Job interviews are stressful for everyone from recent college grads to seasoned employees. Don’t let anxiety get in the way of getting hired. Read these tips to master the interview and land that dream job.
After applying for countless jobs, it’s rewarding to receive a phone call or email requesting an in-person interview. However, those first moments of excitement are often quickly followed by panicked concerns: What should I wear? Should I bring anything with me? How should I act? Is there anything I should study?
Landing a job in today’s economy requires a combination of finesse, confidence and practice. While interviews commonly feel like interrogations, they’re really designed to serve as conversations between candidates and their potential employers. The recruiter or hiring manager is evaluating the knowledge, enthusiasm and professionalism of the candidate in order to gauge whether that person will be a good fit within the organization.

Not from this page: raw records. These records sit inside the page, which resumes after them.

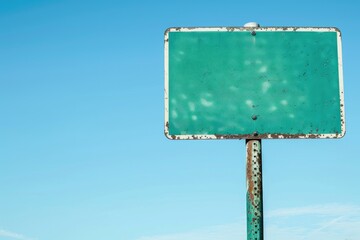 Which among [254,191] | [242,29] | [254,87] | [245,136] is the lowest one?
[254,191]

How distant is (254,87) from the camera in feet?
13.8

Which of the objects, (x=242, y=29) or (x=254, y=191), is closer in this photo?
(x=254, y=191)

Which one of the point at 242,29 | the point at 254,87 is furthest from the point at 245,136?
the point at 242,29

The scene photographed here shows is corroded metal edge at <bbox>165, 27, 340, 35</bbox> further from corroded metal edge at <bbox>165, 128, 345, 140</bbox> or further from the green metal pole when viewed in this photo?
the green metal pole

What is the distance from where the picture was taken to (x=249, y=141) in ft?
13.6

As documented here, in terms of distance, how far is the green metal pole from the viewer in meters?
4.04

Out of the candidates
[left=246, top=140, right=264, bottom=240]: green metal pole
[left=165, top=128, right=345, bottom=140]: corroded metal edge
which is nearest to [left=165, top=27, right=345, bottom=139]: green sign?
[left=165, top=128, right=345, bottom=140]: corroded metal edge

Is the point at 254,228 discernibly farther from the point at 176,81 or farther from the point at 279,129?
the point at 176,81

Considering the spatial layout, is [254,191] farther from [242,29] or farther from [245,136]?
[242,29]

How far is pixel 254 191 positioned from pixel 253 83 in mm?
854

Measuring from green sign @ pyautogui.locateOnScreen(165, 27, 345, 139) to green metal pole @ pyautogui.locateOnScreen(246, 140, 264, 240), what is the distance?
4.6 inches

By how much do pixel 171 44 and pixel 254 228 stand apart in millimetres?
1593

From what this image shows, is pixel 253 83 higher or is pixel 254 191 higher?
pixel 253 83

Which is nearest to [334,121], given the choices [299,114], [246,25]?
[299,114] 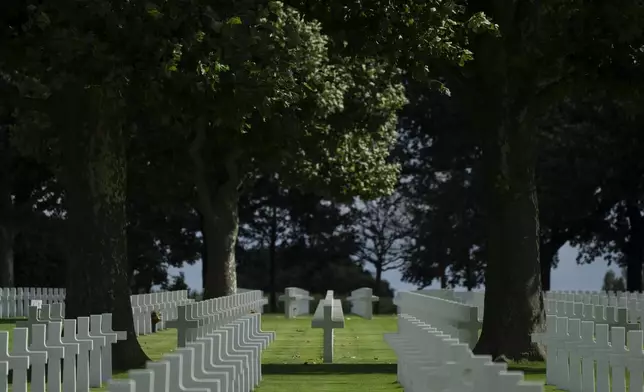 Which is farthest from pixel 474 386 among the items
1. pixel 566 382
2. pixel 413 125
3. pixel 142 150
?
pixel 413 125

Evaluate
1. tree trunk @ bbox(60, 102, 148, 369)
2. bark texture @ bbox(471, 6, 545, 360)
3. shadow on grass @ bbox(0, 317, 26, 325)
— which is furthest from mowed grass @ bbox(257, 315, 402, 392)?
shadow on grass @ bbox(0, 317, 26, 325)

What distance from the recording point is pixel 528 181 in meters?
25.7

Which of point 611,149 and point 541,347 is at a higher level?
point 611,149

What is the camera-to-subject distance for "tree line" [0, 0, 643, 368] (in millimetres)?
20734

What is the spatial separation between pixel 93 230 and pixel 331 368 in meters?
4.52

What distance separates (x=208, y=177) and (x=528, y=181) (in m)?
23.8

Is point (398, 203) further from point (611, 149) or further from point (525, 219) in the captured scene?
point (525, 219)

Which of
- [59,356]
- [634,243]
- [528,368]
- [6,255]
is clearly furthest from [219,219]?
[59,356]

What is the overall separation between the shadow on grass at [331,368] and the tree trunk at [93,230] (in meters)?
2.21

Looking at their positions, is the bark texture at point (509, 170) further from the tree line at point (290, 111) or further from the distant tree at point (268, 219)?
the distant tree at point (268, 219)

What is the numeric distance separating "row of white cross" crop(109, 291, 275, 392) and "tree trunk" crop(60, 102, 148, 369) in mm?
1283

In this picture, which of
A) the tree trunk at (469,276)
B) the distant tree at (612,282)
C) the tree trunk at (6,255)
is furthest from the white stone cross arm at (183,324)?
the distant tree at (612,282)

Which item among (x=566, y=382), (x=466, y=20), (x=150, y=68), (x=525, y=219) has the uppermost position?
(x=466, y=20)

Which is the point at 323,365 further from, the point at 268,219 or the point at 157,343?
the point at 268,219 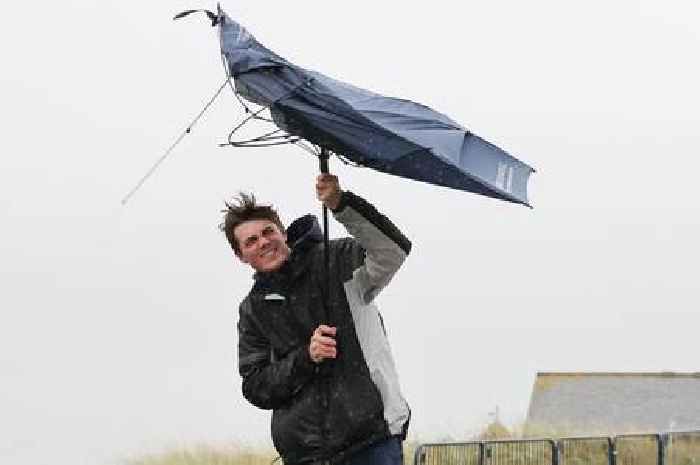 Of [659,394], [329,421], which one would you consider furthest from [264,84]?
[659,394]

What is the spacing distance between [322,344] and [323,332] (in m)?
0.06

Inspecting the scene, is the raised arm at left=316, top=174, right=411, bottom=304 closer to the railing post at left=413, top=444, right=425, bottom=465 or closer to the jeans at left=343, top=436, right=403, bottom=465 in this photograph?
the jeans at left=343, top=436, right=403, bottom=465

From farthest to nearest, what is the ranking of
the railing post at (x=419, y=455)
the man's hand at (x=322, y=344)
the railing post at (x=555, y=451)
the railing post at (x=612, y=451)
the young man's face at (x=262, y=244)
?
the railing post at (x=612, y=451)
the railing post at (x=555, y=451)
the railing post at (x=419, y=455)
the young man's face at (x=262, y=244)
the man's hand at (x=322, y=344)

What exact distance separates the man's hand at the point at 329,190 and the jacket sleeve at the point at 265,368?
55 cm

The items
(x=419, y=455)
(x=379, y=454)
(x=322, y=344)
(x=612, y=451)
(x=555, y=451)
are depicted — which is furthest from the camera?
(x=612, y=451)

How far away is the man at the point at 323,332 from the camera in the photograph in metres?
5.05

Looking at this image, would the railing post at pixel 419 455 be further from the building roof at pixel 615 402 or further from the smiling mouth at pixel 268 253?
the building roof at pixel 615 402

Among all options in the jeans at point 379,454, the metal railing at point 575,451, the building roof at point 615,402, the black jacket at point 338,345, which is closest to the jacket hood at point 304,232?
the black jacket at point 338,345

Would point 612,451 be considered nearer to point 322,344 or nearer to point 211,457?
point 211,457

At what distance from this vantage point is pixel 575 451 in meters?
12.4

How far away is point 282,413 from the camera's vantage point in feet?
17.3

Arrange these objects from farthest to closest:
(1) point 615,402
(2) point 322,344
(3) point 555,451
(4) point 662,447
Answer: (1) point 615,402 → (4) point 662,447 → (3) point 555,451 → (2) point 322,344

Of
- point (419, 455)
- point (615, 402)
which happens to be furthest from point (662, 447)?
point (615, 402)

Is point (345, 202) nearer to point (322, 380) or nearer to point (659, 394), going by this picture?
point (322, 380)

When it comes to tackling an interview, preparation is half the battle. Researching the potential employer, practicing common interview questions and planning travel and clothing ahead of time can help candidates handle the interview with confidence.
Here are five interview skills to master before the big day:
Candidates should take the time to research their potential employer’s history and current activity. Knowledge of general company functions, recent product launches or other news will help candidates come across as well-informed and resourceful to hiring managers.
Always have an answer for why the company or position is the right fit. If an interviewee can’t explain why he or she is right for the job, it isn’t a good sign for the interviewer.
It’s also important to arrive at the interview with the correct documents and materials. Candidates should bring along a printed copy of their research, a few copies of their résumés printed on formal resume paper, a small writing pad to take notes and identification to present when entering the company offices.
Gone are the days when candidates wore business suits or dresses to every job interview. While some industries still require business formal wear, many of today’s organizations take a more casual approach to office attire. It’s not uncommon for interviewees to arrive at an office to find employees have swapped ties for baseball caps and slacks for cargo shorts.
Whether they’re interviewing at a tech start-up or Fortune 500 company, candidates should dress to reflect the company culture while also looking clean-cut and professional. Don’t underdress, but don’t go overboard trying to fit in just yet either.
Many hiring managers believe that those who dress appropriately for an interview are more likely to be successful in their desired role. Properly dressed candidates will appear more eager to make a strong first impression, demonstrate they value the opportunity and show respect to the interviewer.
Hiring managers will notice appearance before a word is spoken and typically form a first impression within 30 seconds, says Brenda Ferguson Hodges, a California-based image consultant and career coach, to Forbes.
Candidates should select “power outfits” that are both comfortable and help them feel good about themselves. Bright pieces or accessories, when chosen tastefully, can help convey a fun sense of personality.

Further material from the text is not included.